- _Excerpted records_:
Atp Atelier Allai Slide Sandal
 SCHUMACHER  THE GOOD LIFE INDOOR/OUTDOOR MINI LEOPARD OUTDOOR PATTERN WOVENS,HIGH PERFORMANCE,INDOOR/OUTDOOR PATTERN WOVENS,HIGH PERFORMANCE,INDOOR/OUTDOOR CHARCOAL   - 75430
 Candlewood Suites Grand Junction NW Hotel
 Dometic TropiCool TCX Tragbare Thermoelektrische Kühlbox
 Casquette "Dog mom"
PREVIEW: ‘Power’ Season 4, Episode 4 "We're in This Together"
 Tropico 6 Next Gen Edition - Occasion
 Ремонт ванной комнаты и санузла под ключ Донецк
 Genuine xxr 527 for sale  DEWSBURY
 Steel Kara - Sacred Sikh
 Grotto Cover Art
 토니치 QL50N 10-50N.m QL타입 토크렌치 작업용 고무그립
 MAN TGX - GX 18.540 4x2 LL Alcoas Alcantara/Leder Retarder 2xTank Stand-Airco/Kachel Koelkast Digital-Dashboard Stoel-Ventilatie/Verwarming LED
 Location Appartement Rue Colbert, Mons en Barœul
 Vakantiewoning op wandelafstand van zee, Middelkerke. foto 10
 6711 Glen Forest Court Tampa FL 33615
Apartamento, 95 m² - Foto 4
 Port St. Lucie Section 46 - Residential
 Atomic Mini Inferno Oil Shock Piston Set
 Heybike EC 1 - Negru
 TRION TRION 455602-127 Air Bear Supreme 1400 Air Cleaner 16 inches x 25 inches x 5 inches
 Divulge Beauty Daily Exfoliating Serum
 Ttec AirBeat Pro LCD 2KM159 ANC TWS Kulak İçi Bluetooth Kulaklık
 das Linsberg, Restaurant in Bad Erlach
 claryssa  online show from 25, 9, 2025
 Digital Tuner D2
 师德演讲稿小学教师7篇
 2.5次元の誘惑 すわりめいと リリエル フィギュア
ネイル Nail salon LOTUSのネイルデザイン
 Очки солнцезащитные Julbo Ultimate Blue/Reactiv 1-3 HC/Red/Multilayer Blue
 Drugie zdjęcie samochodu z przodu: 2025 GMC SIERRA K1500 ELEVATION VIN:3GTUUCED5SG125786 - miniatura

- _Exercise description_: Retype the records above, but only those lines that fall between the line containing "Steel Kara - Sacred Sikh" and the line containing "das Linsberg, Restaurant in Bad Erlach", with both of those lines included, exactly as written.

- _Task output_:
 Steel Kara - Sacred Sikh
 Grotto Cover Art
 토니치 QL50N 10-50N.m QL타입 토크렌치 작업용 고무그립
 MAN TGX - GX 18.540 4x2 LL Alcoas Alcantara/Leder Retarder 2xTank Stand-Airco/Kachel Koelkast Digital-Dashboard Stoel-Ventilatie/Verwarming LED
 Location Appartement Rue Colbert, Mons en Barœul
 Vakantiewoning op wandelafstand van zee, Middelkerke. foto 10
 6711 Glen Forest Court Tampa FL 33615
Apartamento, 95 m² - Foto 4
 Port St. Lucie Section 46 - Residential
 Atomic Mini Inferno Oil Shock Piston Set
 Heybike EC 1 - Negru
 TRION TRION 455602-127 Air Bear Supreme 1400 Air Cleaner 16 inches x 25 inches x 5 inches
 Divulge Beauty Daily Exfoliating Serum
 Ttec AirBeat Pro LCD 2KM159 ANC TWS Kulak İçi Bluetooth Kulaklık
 das Linsberg, Restaurant in Bad Erlach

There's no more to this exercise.